Scrape Product Reviews from Best Buy with Python (SKU + Ratings + Pagination)

Best Buy product pages are heavy, but the review data is accessible in a clean, paginated JSON endpoint once you know the SKU.

In this guide you’ll build a scraper that:

  • takes a Best Buy product URL
  • extracts the SKU (robustly)
  • downloads review pages (JSON) with retries/backoff
  • normalizes the fields you actually care about
  • exports JSONL + CSV

Best Buy product page (we’ll extract SKU + pull reviews)

Keep review crawls stable with ProxiesAPI

Review crawls fail for boring reasons: timeouts, flaky responses, and throttles. ProxiesAPI fits cleanly into your fetch layer so retries and rotation stay a small change — not a rewrite.

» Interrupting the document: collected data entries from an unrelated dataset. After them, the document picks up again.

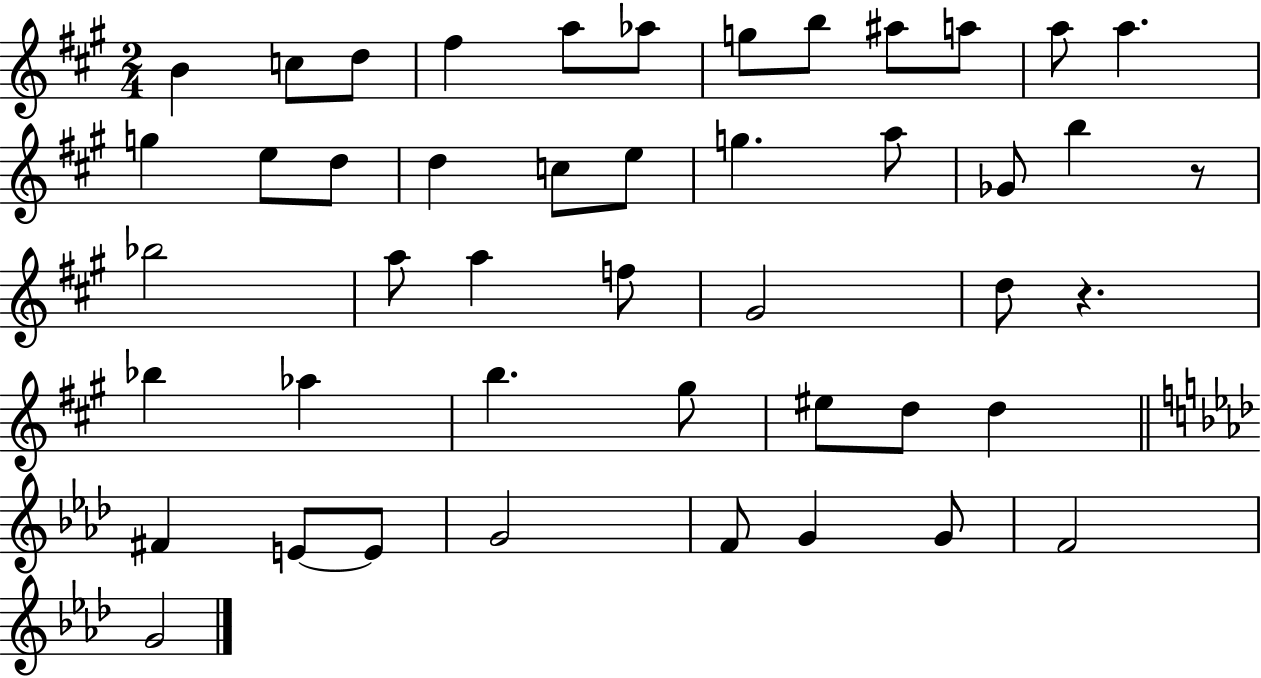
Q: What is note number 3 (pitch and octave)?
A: D5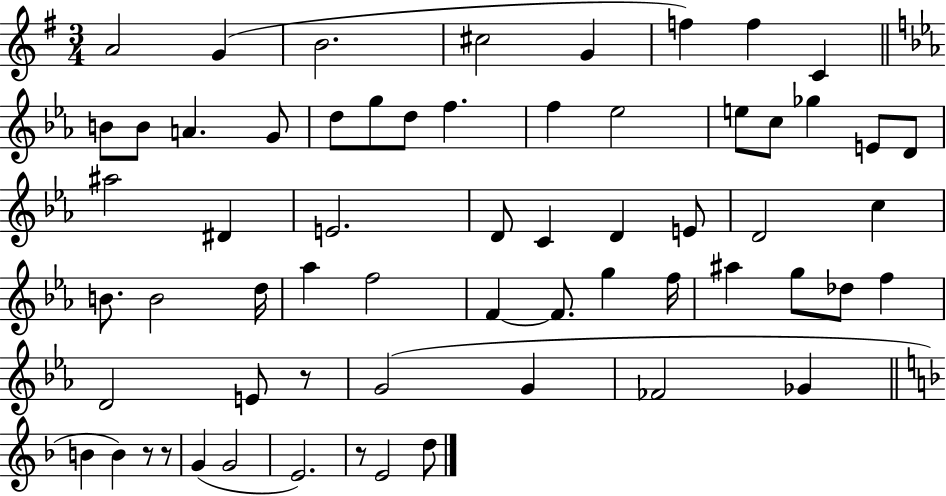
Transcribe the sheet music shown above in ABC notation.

X:1
T:Untitled
M:3/4
L:1/4
K:G
A2 G B2 ^c2 G f f C B/2 B/2 A G/2 d/2 g/2 d/2 f f _e2 e/2 c/2 _g E/2 D/2 ^a2 ^D E2 D/2 C D E/2 D2 c B/2 B2 d/4 _a f2 F F/2 g f/4 ^a g/2 _d/2 f D2 E/2 z/2 G2 G _F2 _G B B z/2 z/2 G G2 E2 z/2 E2 d/2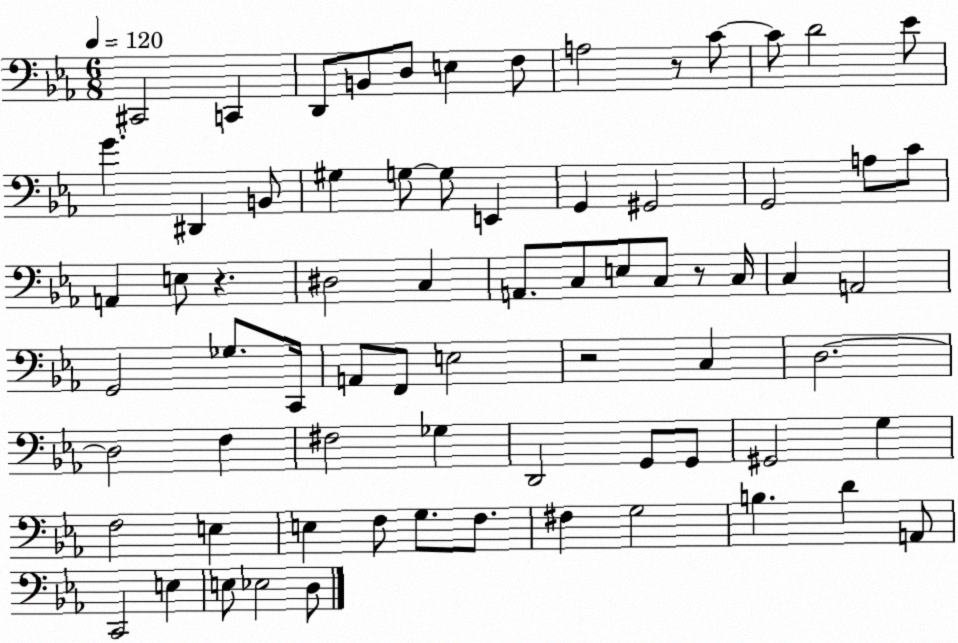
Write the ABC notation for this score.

X:1
T:Untitled
M:6/8
L:1/4
K:Eb
^C,,2 C,, D,,/2 B,,/2 D,/2 E, F,/2 A,2 z/2 C/2 C/2 D2 _E/2 G ^D,, B,,/2 ^G, G,/2 G,/2 E,, G,, ^G,,2 G,,2 A,/2 C/2 A,, E,/2 z ^D,2 C, A,,/2 C,/2 E,/2 C,/2 z/2 C,/4 C, A,,2 G,,2 _G,/2 C,,/4 A,,/2 F,,/2 E,2 z2 C, D,2 D,2 F, ^F,2 _G, D,,2 G,,/2 G,,/2 ^G,,2 G, F,2 E, E, F,/2 G,/2 F,/2 ^F, G,2 B, D A,,/2 C,,2 E, E,/2 _E,2 D,/2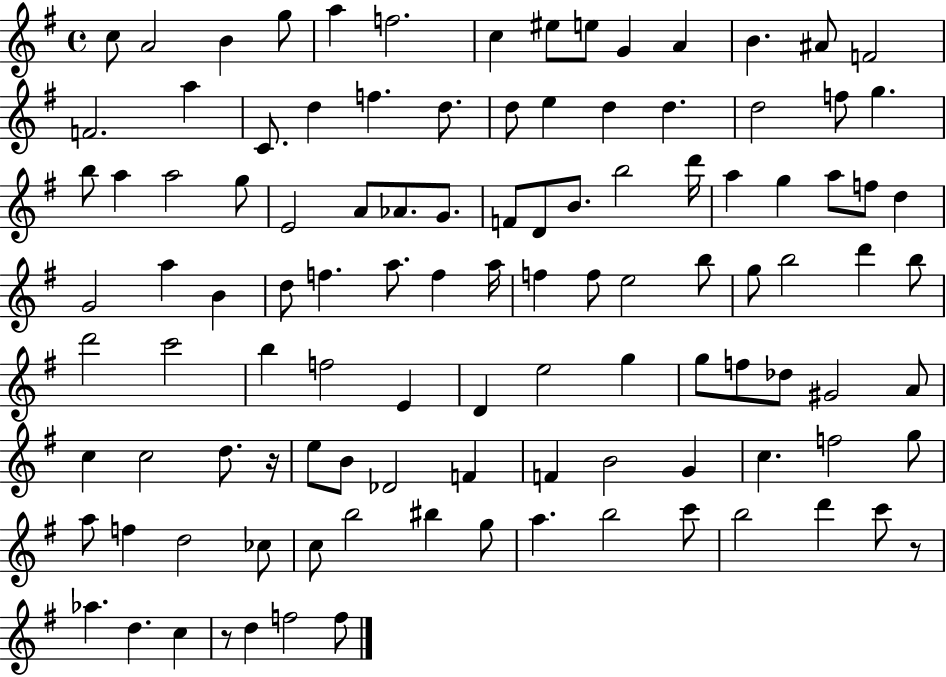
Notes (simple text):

C5/e A4/h B4/q G5/e A5/q F5/h. C5/q EIS5/e E5/e G4/q A4/q B4/q. A#4/e F4/h F4/h. A5/q C4/e. D5/q F5/q. D5/e. D5/e E5/q D5/q D5/q. D5/h F5/e G5/q. B5/e A5/q A5/h G5/e E4/h A4/e Ab4/e. G4/e. F4/e D4/e B4/e. B5/h D6/s A5/q G5/q A5/e F5/e D5/q G4/h A5/q B4/q D5/e F5/q. A5/e. F5/q A5/s F5/q F5/e E5/h B5/e G5/e B5/h D6/q B5/e D6/h C6/h B5/q F5/h E4/q D4/q E5/h G5/q G5/e F5/e Db5/e G#4/h A4/e C5/q C5/h D5/e. R/s E5/e B4/e Db4/h F4/q F4/q B4/h G4/q C5/q. F5/h G5/e A5/e F5/q D5/h CES5/e C5/e B5/h BIS5/q G5/e A5/q. B5/h C6/e B5/h D6/q C6/e R/e Ab5/q. D5/q. C5/q R/e D5/q F5/h F5/e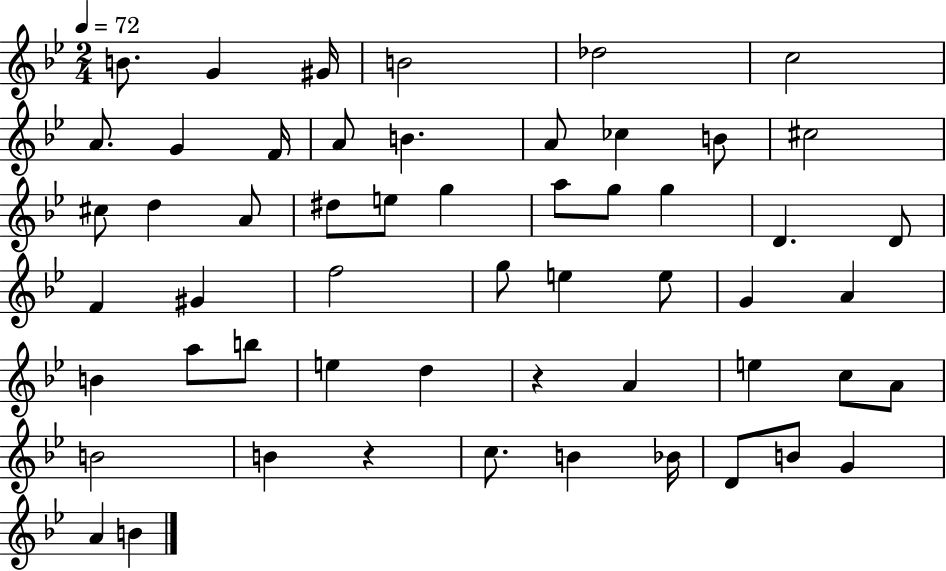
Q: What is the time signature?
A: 2/4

What we’re scraping (data shape)

At a high level, you’ll do two fetches:

  1. Product page HTML → get the SKU (if your URL doesn’t already include it)
  2. UGC reviews JSON → paginate reviews for that SKU

The review endpoint is typically shaped like:

https://www.bestbuy.com/ugc/v2/reviews?sku=SKU&page=1&pageSize=20&sort=MOST_HELPFUL

This is not a “secret API” — it’s how Best Buy’s own frontend loads reviews.


Setup

python3 -m venv .venv
source .venv/bin/activate
pip install requests beautifulsoup4 lxml pandas
export PROXIESAPI_KEY="YOUR_KEY"   # optional

We’ll use:

  • requests for HTTP
  • BeautifulSoup(lxml) for reliable HTML parsing (SKU extraction fallback)
  • pandas for quick CSV export

Step 1: (Optional) ProxiesAPI fetch wrapper for HTML

If you only scrape a single product URL, you can fetch it directly.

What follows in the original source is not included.